And “crowdsourced screening locations” is another way the movie industry can turn a $15,000 dollar-to-make Paranormal Activity, into a $150 million dollar success. Movie execs at Paramount used Facebook to get fans to ask for a showing of the movie in their areas.
One million fan requests snowballed into major box office receipts.
But, what’s cool is how movies boost travel and tourism.
TCI Research, which helps the tourism and travel industry with marketing and branding, noted that regions and cities that make movie-making easy through tax credits and support, will reap travel rewards by attracting first-time visitors, young travelers and multi-generational travelers.
TravelSat, which benchmarks a destination’s competitiveness, noted that since 1 in 10 visitors out of a hundred, would chose a destination based on a movie they saw, stronger links between the movie and travel and tourism industries makes big sense.
Even though using movies to promote a destination is a relatively indirect marketing strategy, in comparison to a vigorous, more direct Social Media marketing campaign, it’s an effective one, especially among the BRIC (Brazil, Russia, India and China) countries.

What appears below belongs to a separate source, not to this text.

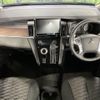 mitsubishi delica-d5 2024 quick_quick_CV1W_CV1W-5006375 image 2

What are the stand-out movies that most contributed to tourism’s coffers?
As We Travel cited a few that created a tourism boomlet.
• Mamma Mia! did wonders for Greece, and Lord of the Rings and Narnia gave New Zealand tourism a huge boost.

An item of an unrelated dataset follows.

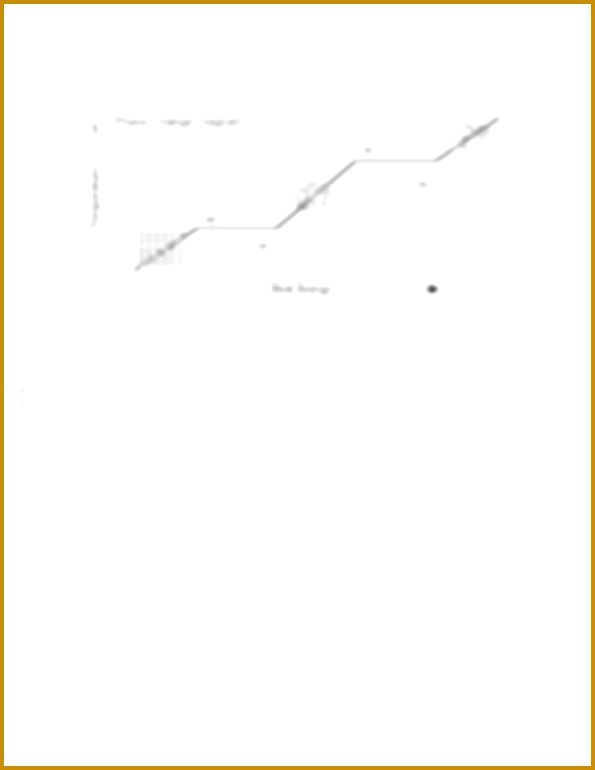 Background image of page 1 770595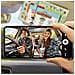 Fotocamera Anteriore Samsung Galaxy A11 Obiettivo Frontale + Connettore Flat - Foto miniatura 3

It seems the mayor of the Greek island of Skopelos, the setting for Mamma Mia!, said the phones didn’t stop ringing after the movie’s debut, and the tourism surge actually had the locals concerned about destruction of the island’s beauty and quality of life.
• The small town of Forks, Washington, the scene of the Twilight Saga, experienced a huge 1000% increase in lodgings as a result of the movie, and The Beach caused such a massive increase in tourism in Thailand, the area suffered serious coral reef damage and overfishing.
The impact of travel and tourism on a destination is a mixed blessing.
Granted the economies benefit; often the ecologies suffer. The increasing popularity of ecotourism, in part, is a reaction against the inevitable upset huge numbers of travelers cause.
There is no shortage of opinions about the affect other movies have had on choosing a destination. Many say Bruges was a big motivator to visit Belgium (I loved it) and Braveheart did wonders for Scotland.
On the other hand, we’re glad to see Turkey recovered from the devastatingly negative impact The Midnight Express had on its travel and tourism industry.